These troubles are more than anecdotal, though: A 2014 report from analysts at Forrester Research predicted that online shopping in Canada will grow 12 per cent a year to reach $39-billion in revenue in 2019, compared with sluggish 2.6-per-cent a year growth in overall retail. Forrester's wrote that a report from Hudson's Bay showed that customers who shop online and in-store spend "three to four times as much as a single-channel shopper."

Mr. Rickett also hopes that the city will become a laboratory for retail technology that can both expand local brick-and-mortar businesses and fuel innovative startups. One example he points to is the West Queen West BIA (an association that covers a two-kilometre stretch of Queen Street between Gladstone Avenue and Bathurst Street), which hosts a relatively early adopting group of businesses and is also a hot neighbourhood for startups.

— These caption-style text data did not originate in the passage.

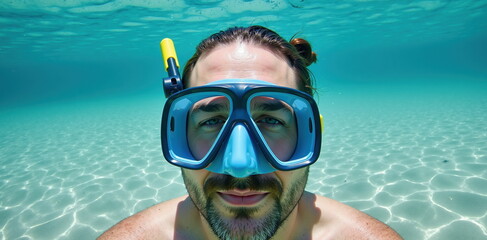 Naklejka premium Man Snorkeling Underwater with Blue Mask and Snorkel in Crystal Clear Ocean Water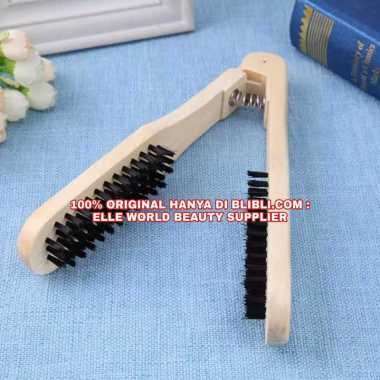 CATOK SISIR PELURUS KERITING RAMBUT BASAH BAHAN KAYU WOOD WOODEN SCALD HAIR COMB BRUSH TANPA LISTRIK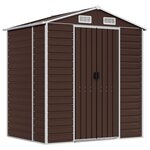 vidaXL Abri de jardin marron 191x130x198 cm acier galvanisé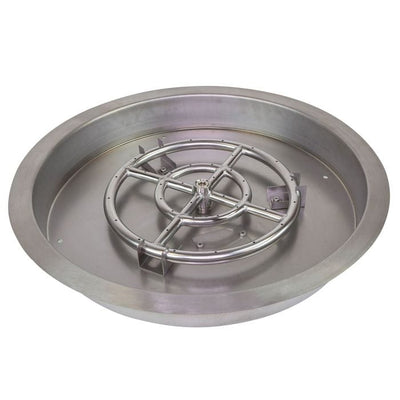 The Athena Dip RD stainless steel round fire pit burner kit with a drop-in bowl pan includes a durable round burner designed for outdoor use. The kit features a sleek stainless steel finish and a bowl pan for easy installation and flame distribution.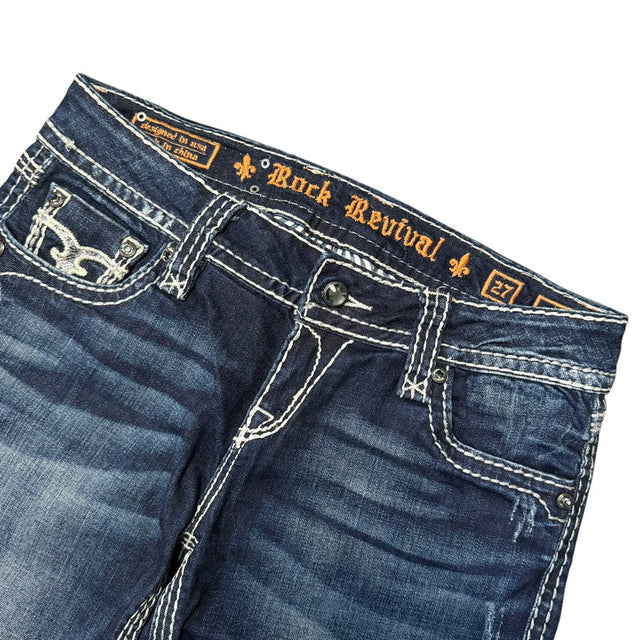 Rock Revival straight leg women designer jeans(w27)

"I'm a big believer that small business has to start acting like a big business to survive," says Rob Sysak, executive director of the WQW BIA. He has been with the association for six years, and is fond of walking his "beat" to stay in touch with the neighbourhood. One of the initiatives he pushed for was a free trial with the WiFi and customer-tracking technology of Turnstyle Solutions. In fact, the company's first 10 WiFi locations in 2013 were in West Queen West.

"There was little understanding about proximity marketing. The BIA was really helpful early on," says Devon Wright, CEO of Turnstyle. "Now, we're in 25,000 locations across 30 counties." That includes 600 Subway sandwich shops across Canada, which Mr. Wright says was one of the first major corporate clients the startup signed, thanks in part to the business case data the WQW trials provided.

Turnstyle doesn't offer just WiFi hot spots for businesses – it uses the tracking capabilities of the technology to get a measure of foot traffic in and out of stores, and also pushes marketing messages for loyalty programs or deal offers to anyone who connects to the network.

Those aren't the only applications of the technology: Mr. Sysak, who is a mathematician by training, has also used new data to assess the impact of activities such as street festivals or storefront improvements.

"Take the Queen West Art Crawl: It happens in Trinity Bellwoods Park – does that attract people from the other end of the BIA? We were able to show that it did."

Ms. Bernhardson was one of the West Queen West entrepreneurs that jumped on the early Turnstyle trial. It came along as she was slowly joining the digital revolution in retail, even though she was initially against any customer tracking.

Because her stores specialize in selling small batches of items from Toronto fashion designers, there can be significant risk involved in allocating scarce rack space. With the new technologies, she can now calculate the payoff for taking a risk on a new designer, down to the dollar. "It's so boring and meticulous and painstaking and annoying … but if you don't measure it, you can't improve it. "

While Fresh Collective has yet to become an online powerhouse – "it's a small percentage of sales that we actually do online, but it's been growing" – Ms. Bernhardson couldn't imagine doing business today without the help of a digital toolbox.

"I'm shocked that some businesses exist without a website. I look at things like a website and Facebook as basic tools," she says.

"It would be like operating a store in 1982 and refusing to have a phone so that your customer can call you."